## Exercise inputs
*** Begin section ***

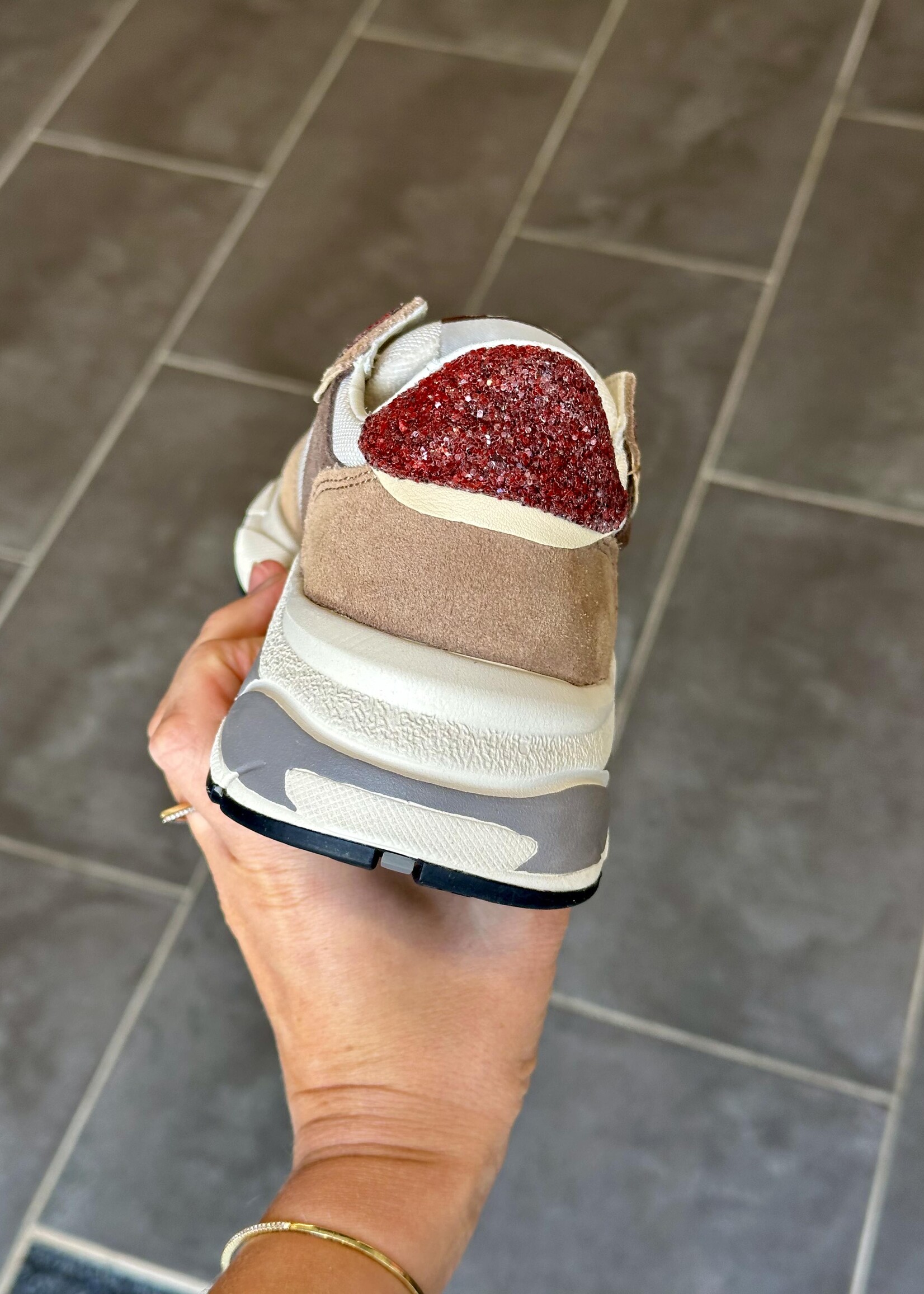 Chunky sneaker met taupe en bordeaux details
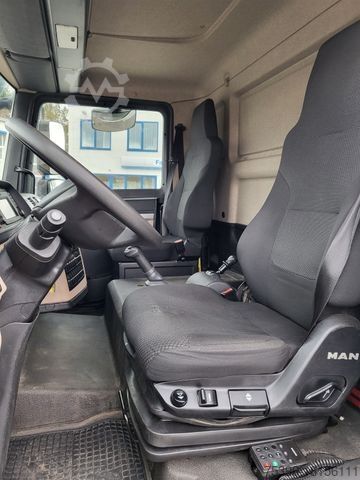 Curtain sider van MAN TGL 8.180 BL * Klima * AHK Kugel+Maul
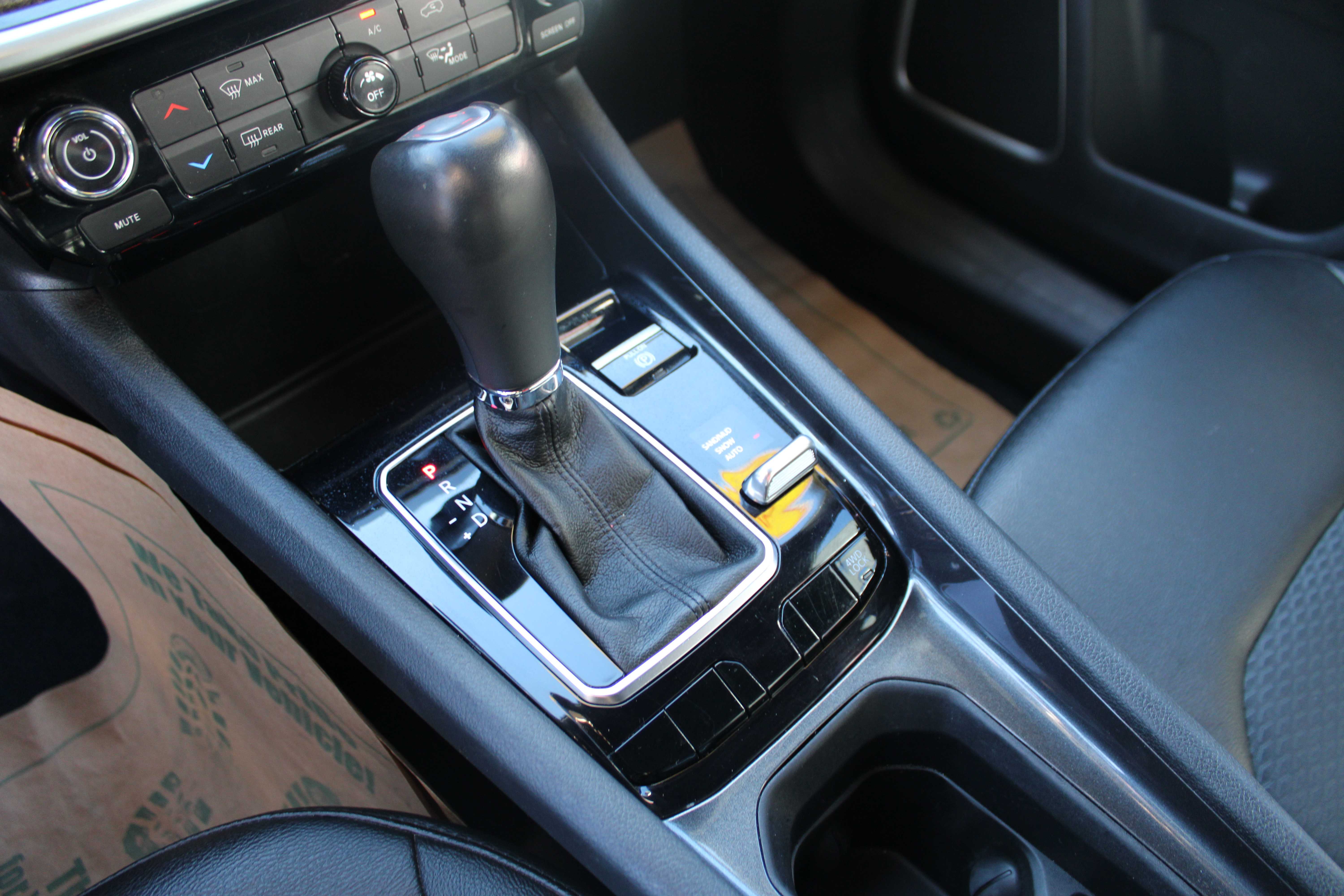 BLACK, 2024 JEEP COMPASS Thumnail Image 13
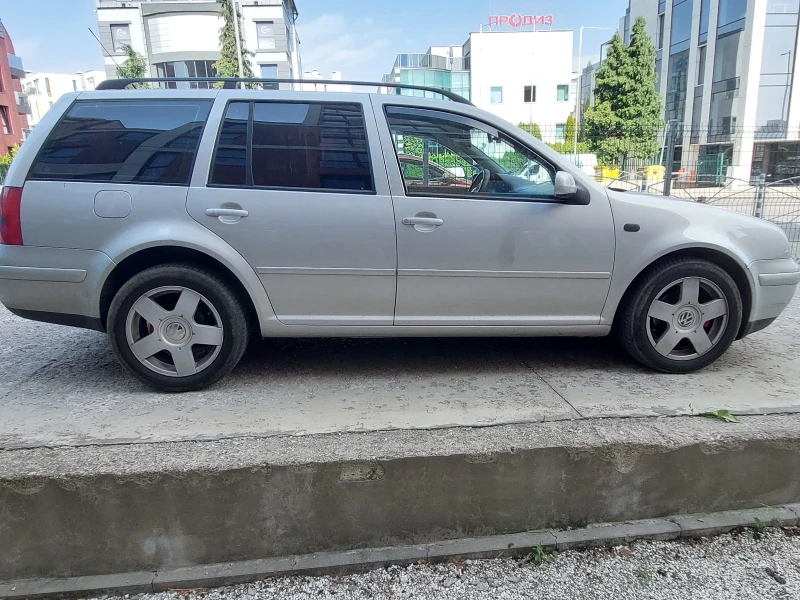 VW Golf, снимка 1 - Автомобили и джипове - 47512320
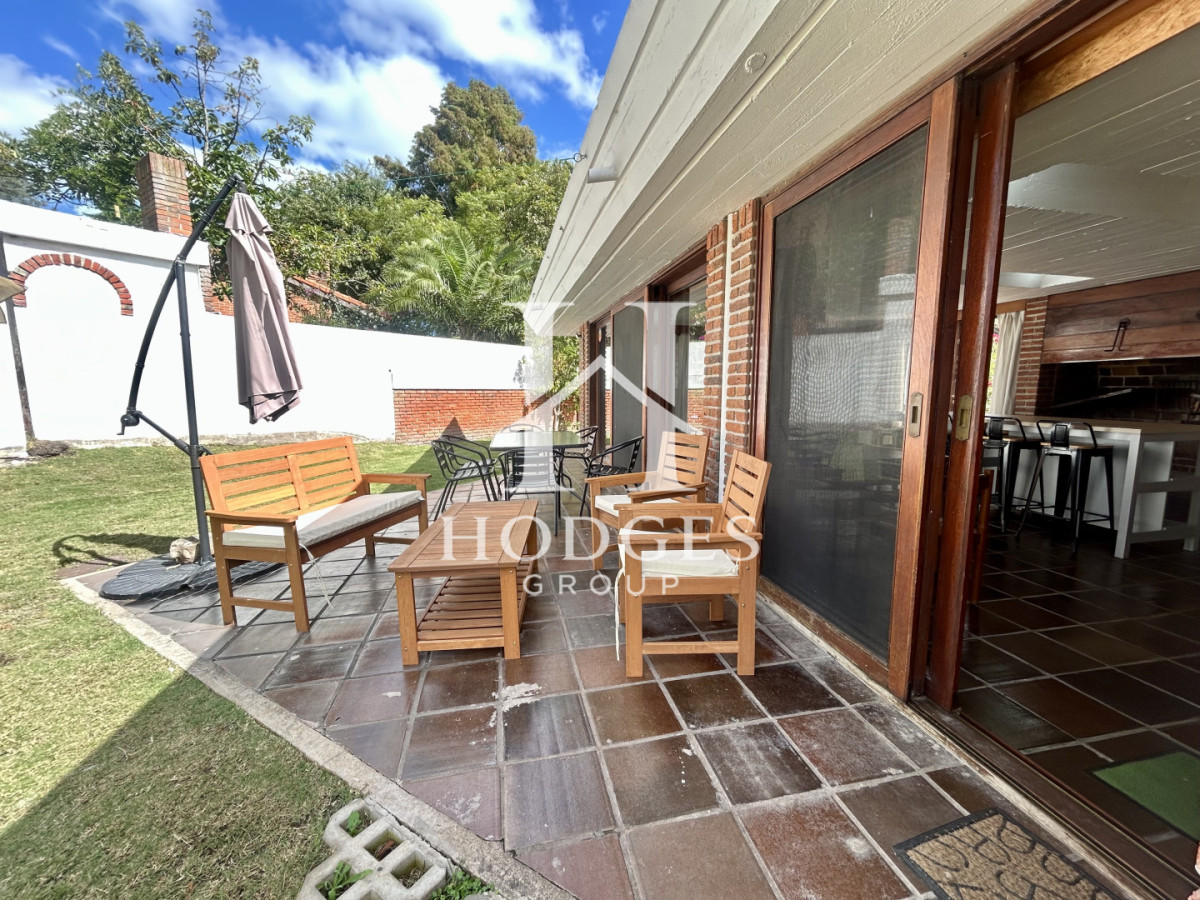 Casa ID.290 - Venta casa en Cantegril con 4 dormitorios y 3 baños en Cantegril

*** End section ***

## What to work on
From the line that contains "Curtain sider van" to the end of the listing, give every line again exactly as written. Leave the pictures out.

## Exercise solution
 Curtain sider van MAN TGL 8.180 BL * Klima * AHK Kugel+Maul
 BLACK, 2024 JEEP COMPASS Thumnail Image 13
 VW Golf, снимка 1 - Автомобили и джипове - 47512320
 Casa ID.290 - Venta casa en Cantegril con 4 dormitorios y 3 baños en Cantegril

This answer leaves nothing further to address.